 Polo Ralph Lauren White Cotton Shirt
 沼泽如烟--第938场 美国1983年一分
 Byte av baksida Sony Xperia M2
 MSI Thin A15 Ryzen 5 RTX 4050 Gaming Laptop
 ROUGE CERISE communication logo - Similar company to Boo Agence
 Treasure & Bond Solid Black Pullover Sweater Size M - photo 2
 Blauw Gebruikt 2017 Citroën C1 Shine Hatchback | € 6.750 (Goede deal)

******************************

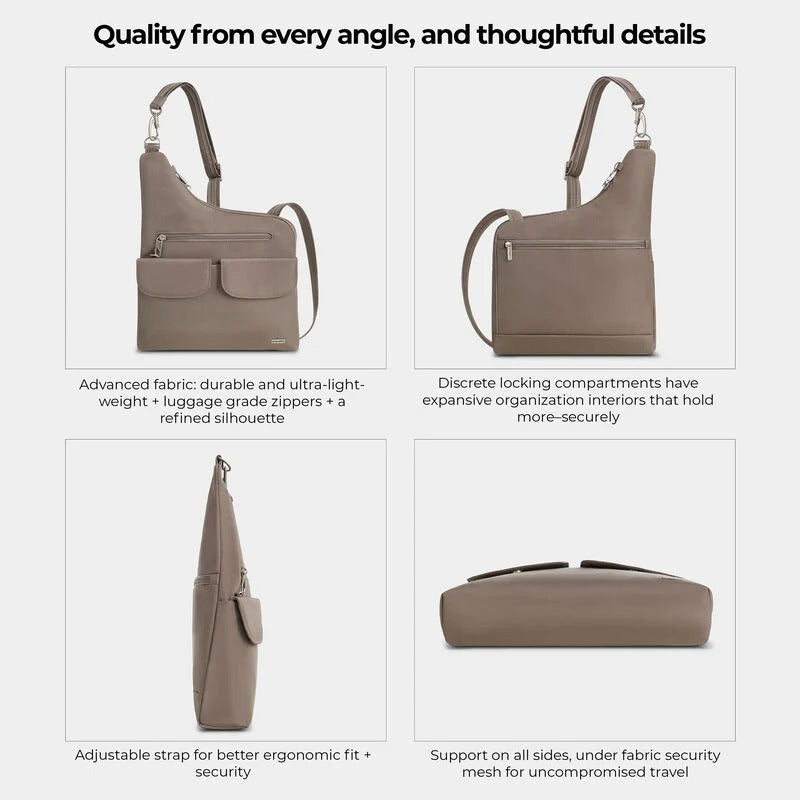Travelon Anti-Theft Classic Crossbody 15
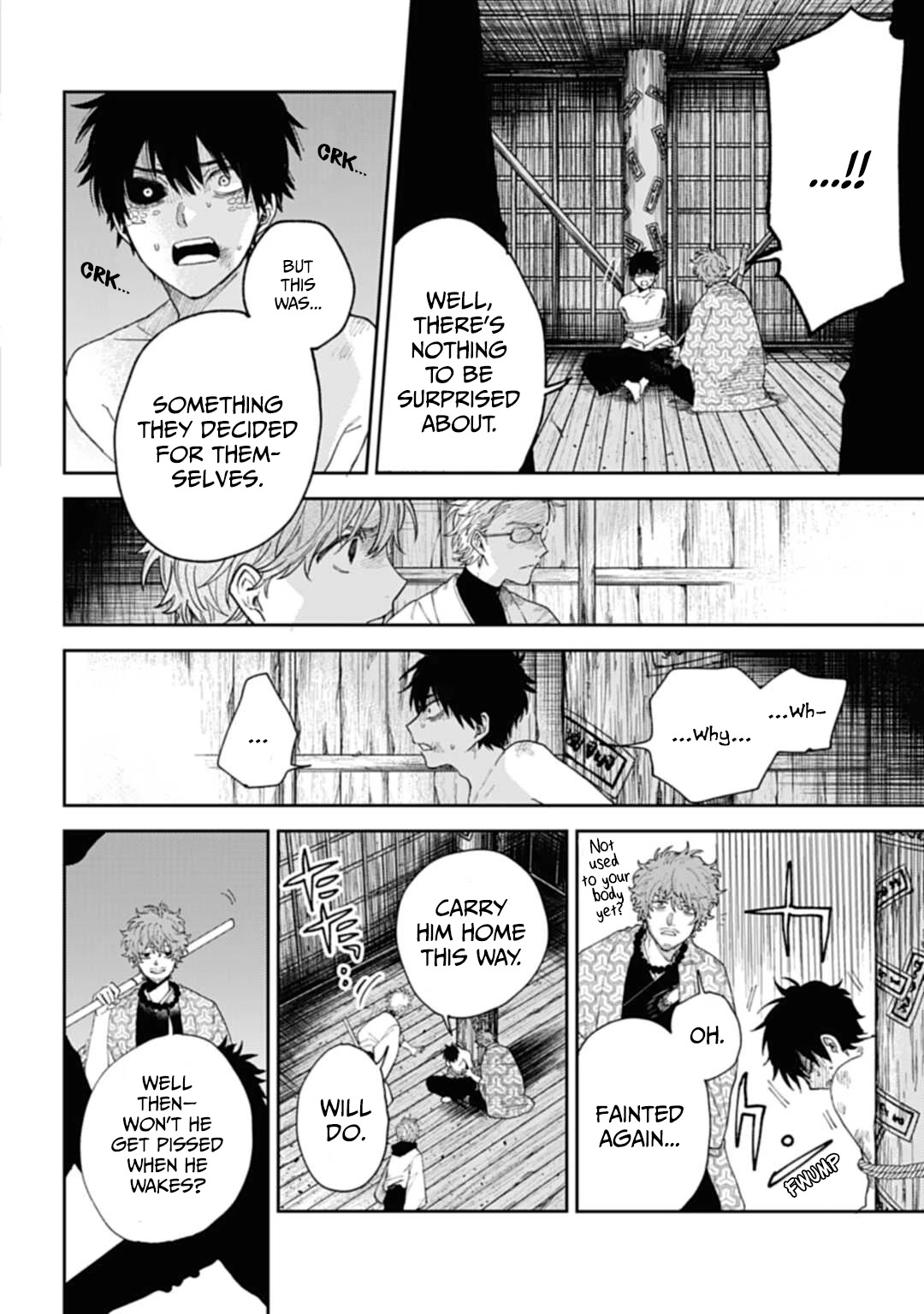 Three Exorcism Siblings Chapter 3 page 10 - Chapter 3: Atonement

******************************

Set down, exactly as written above, each line from the one with "Travelon Anti-Theft Classic Crossbody 15" through the one with "Three Exorcism Siblings", and skip the pictures.

EXERCISE OUTPUT —
Travelon Anti-Theft Classic Crossbody 15
 Three Exorcism Siblings Chapter 3 page 10 - Chapter 3: Atonement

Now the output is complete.